Etant donné la variété des secteurs et des territoires pour lesquels un no deal aurait un impact négatif conséquent, la sortie définitive du Royaume-Uni va concerner différents profils de population.
Les plus de 150 000 citoyens britanniques résidant sur le territoire français, évidemment, sont directement concernés par un tel scénario. En application de l’accord de retrait du Royaume-Uni de l’Union européenne, chaque ressortissant britannique résidant en France avant le 31 décembre 2020 ou venant s’y installer avant cette date devra obligatoirement détenir un visa mention “Accord de retrait” à partir du 1er juillet 2021. La demande pourra s’effectuer en ligne à compter du 1er octobre 2020.

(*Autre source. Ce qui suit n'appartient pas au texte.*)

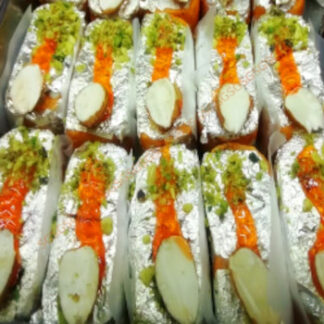 Indian Sweets Badaam Mawa Gajjar Malai Cutlet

Autre population, qui rassemble des personnes issues de toutes les catégories socioprofessionnelles : les voyageurs, touristes et professionnels, qui souhaitent se rendre au Royaume-Uni. Bien que ceux-ci doivent déjà se soumettre aujourd’hui à un contrôle d’identité aux frontières (le Royaume-Uni n’a jamais fait partie de l’espace Schengen), une sortie sans accord pourrait les confronter à des contrôles douaniers supplémentaires. Avec en particulier des questions sur les raisons de leur voyage et des fouilles de bagages.
Concernant les transports aériens, des dispositions ont été prises pour permettre aux compagnies britanniques de voler librement en Europe jusqu’à la fin de la période de transition. A terme, ce droit pourrait leur être refusé. Selon un rapport de l’association internationale du Transport Aérien, une chute de 3 à 5 % du trafic à destination et en provenance du Royaume-Uni serait à prévoir en l’absence d’accord. Pour y remédier, certaines compagnies britanniques ont ouvert depuis 2017 des filiales dans des Etats de l’UE afin d’assurer l’ensemble de leurs vols intra-européens ou vers des pays tiers.
Eurostar à la gare du Nord, Paris – Crédits : David McKelvey / Flickr
Du côté ferroviaire, en ce qui concerne l’Eurostar, une sortie définitive sans accord signifie aussi des contrôles d’identité et de sécurité supplémentaires. Les voyageurs pourraient donc continuer à emprunter le tunnel, avec ou sans accord, mais la multiplication de ces contrôles et leur caractère inédit seraient susceptibles de provoquer des retards dans les premiers mois suivant un no deal. Aux voyageurs de prévoir d’arriver plus d’avance que d’habitude avant de monter dans le train.